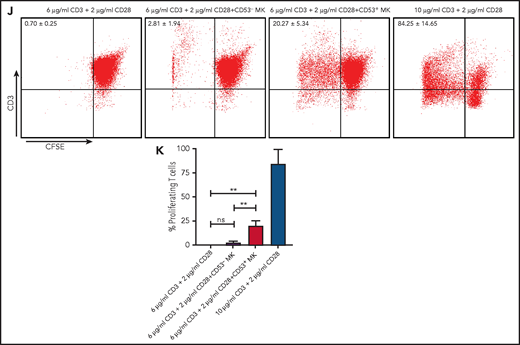 Cluster 3 cells possess a monocytic-like transcriptional signature and respond to pathogen infection. (A) Heatmap of correlation matrix of transcriptomes between mouse MK subpopulations and immune cells from published data set, including MKs, monocytes, dendritic cells (DCs), granulocytes, macrophages, CD4+ T cells, and CD8+ T cells. (B) UMAP plot of MKs from different organs and species by integrated analysis. (C) Violin plots showing the expression levels of genes involved in phagocytosis and antigen presentation in immune MKs derived from fetal mouse lung43 and BM. (D) Representative images of CD53+ MKs and monocytes stained with Wright-Giemsa stained. Scale bars, 10 μm. (E) Representative FACS plot of CD53+ MKs (CD53+CD41+) among BM samples from mice at 0, 6, 12, 24, and 30 hours after injection of LPS 4 mg/kg. Numbers in boxes represent the percentage of CD53+ MKs (CD53+CD41+) in total MKs; mean ± standard error of the mean (SEM). (F) Quantification of the frequency of MKs (CD41+) in total BM cells and CD53+ MKs (CD53+ CD41+) in total MKs from mice at 0, 6, 12, 24, and 30 hours after injection of LPS 4 mg/kg (n = 3; mean ± SEM; unpaired Student t test). (G) Heatmap displaying relative expression for selected genes involved in indicated biological processes in CD53– and CD53+ MKs isolated from mice at 0, 6, and 12 hours after injection of LPS 4 mg/kg . (H) Representative images of fluorescent Escherichia coli particles (purple) incubated with CD53+ or CD53– MKs stained with CD53 (green) and CD41 (red). Scale bars, 20 μm. BF, bright field. Images represent 3 independent experiments. (I) Quantification of the percentage of cells phagocytizing E coli particles in CD53+ and CD53– MKs: CD53+CD41+, 219 cells; CD53–CD41+, 267 cells. (J) Representative FACS plot of T-cell proliferation. T cells labeled with carboxyfluorescein succinimidyl ester (CSFE) were cultured with or without 3000 to 5000 CD53+/CD53– MKs for 3 days in the presence of anti-CD3 and anti-CD28 antibody. The upper left quadrant represents the proliferating T cells; numbers in the boxes indicate the percentage of proliferating T cells. Results are representative of 3 independent experiments. (K) Bar graph depicting the percentage of proliferating T cells in total T cells cultured with or without 3000 to 5000 CD53+/CD53– MKs for 3 days in the presence of anti-CD3 or anti-CD28 antibody (n = 3; mean ± SEM; 1-way ANOVA; *P ≤ .05; **P ≤ .01. ****P ≤.0001. n.s., not significant.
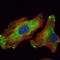 WNT Inhibitory Factor 1 antibody, M03247, Boster Biological Technology, Immunofluorescence image 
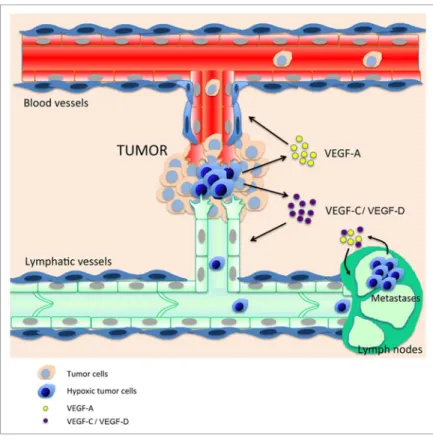 Figure 1. Crosstalk between tumor hypoxia and the lymphatic and blood vascu- vascu-latures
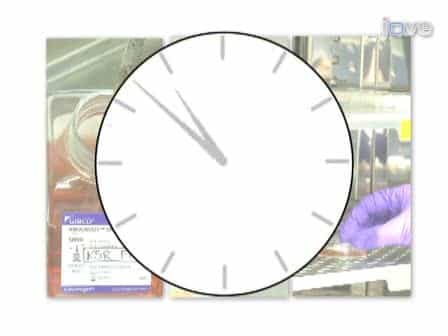 Feeder-Free Adaptation, Culture and Passaging of Human IPS Cells using Complete KnockOut Serum Replacement Feeder-Free Medium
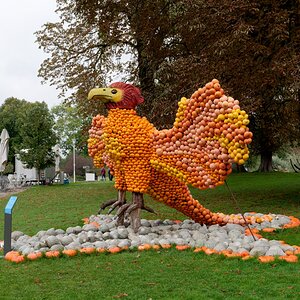 Auf der EGA in Erfurt aufgenommen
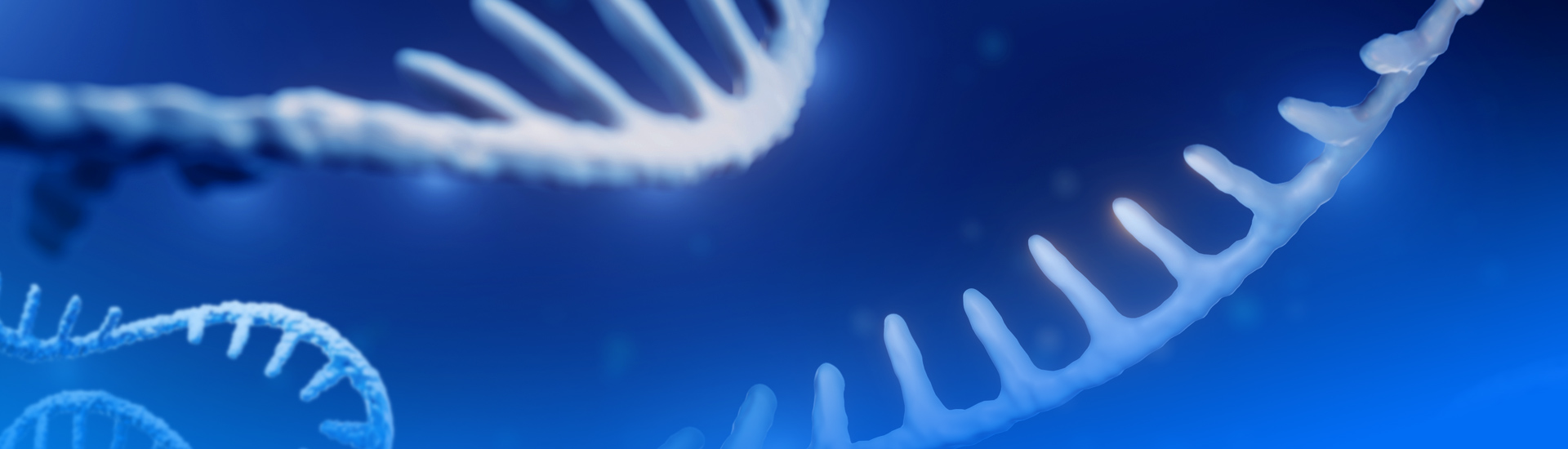 Catalog IVT mRNA and circRNA Products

§ What this task involves
Reproduce the lines from the one with "Figure 1. Crosstalk between" through the end of the data, keeping both end lines, adding nothing, and dropping any pictures.

§ Final answer
 Figure 1. Crosstalk between tumor hypoxia and the lymphatic and blood vascu- vascu-latures
 Feeder-Free Adaptation, Culture and Passaging of Human IPS Cells using Complete KnockOut Serum Replacement Feeder-Free Medium
 Auf der EGA in Erfurt aufgenommen
 Catalog IVT mRNA and circRNA Products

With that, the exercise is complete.